エルミタ的速攻撮って出しレビュー Vol.41
2010.05.22 更新
文:GDM編集部 松枝 清顕
欧州市場を中心に人気の高い「Define R2」。日本市場にもマッチしそうなこのモデルの生みの親であるFractal designのManaging DirectorであるHannes Wallin氏からエルミタ編集部、そして国内市場にコメントを寄せて頂いたのでここに紹介したい。
日本国内マーケットへのコメント |
---|
まずはFractalDesignついての成り立ちを簡単に紹介します。私達は2008年にスウェーデンで創立、このPCマーケットにおいては新興メーカーと言えます。しかし、私達メンバーはPCケース、電源ユニット、ケースファン等のビジネスにおいて何年もの経験をもっており、それを製品デザインに応用しています。 2009年10月には初めてのPCケースとなる「Define R2」をリリースしました。これは世界中で成功を収め、多くのマーケットに参入するきっかけのモデルとなりました。そのスタイリッシュかつ上質な北欧デザイン、そして多くのギミックを取り入れ、高い評価を受けました。 またEU諸国での想定売価は89ユーロ(20%の付加価値税含む)、アメリカで99ドル(w/o VAT)の価格設定も大きな特徴です。 その成功を収めた私たちは、まもなく「Define R3」をリリースします。これは「Define R2」の改良版で、美しいホワイトカラーモデルがラインナップされます。 恐らく日本市場に登場すれば「R3」のみが販売される事になるでしょう。 |
こういうのを“駆け足で”と表現するのだろう、PCケースのレビューをする時にいつもそう感じて反省する。だが、今回もその反省を活かすことなく早くも総括となってしまった。

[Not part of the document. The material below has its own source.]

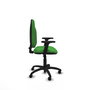 Chaise de bureau Algarra avec mécanisme de contact permanent de base, rembourrée de tissu vert. Équipée d'une base en polyamide noir, d'accoudoirs 2D et de roulettes pour parquet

日本のユーザーには馴染みのないFractal designとコンタクトを取り始めたのは今年3月の事。たいへんレスポンスも早く、そこから日本市場に大いなる興味を持っている事は容易に想像ができた。また世界的に見てもまだまだ自作が盛んで、製品には非常にシビアなユーザーが多い事をよく知っており、日本国内で“勝負ができるのか?”という点を非常に気にかけていた事も印象深い。
冒頭、暗示をかけるかのごとく、敢えて他社モデルを引き合いに出したが、「R2」を隅々までチェックし終え、“足して2で割らなかったPCケース”、そんなフレーズが浮かぶ結果となった。つまり10と10を足して2で割ると結局10となり、良いところだけを採る、言い換えれば“真似る”だけになってしまうところを、「R2」は10と10を足して1.5で割る事で、10以上のプラスαを捻出しようとした意図が窺えるモデルだった。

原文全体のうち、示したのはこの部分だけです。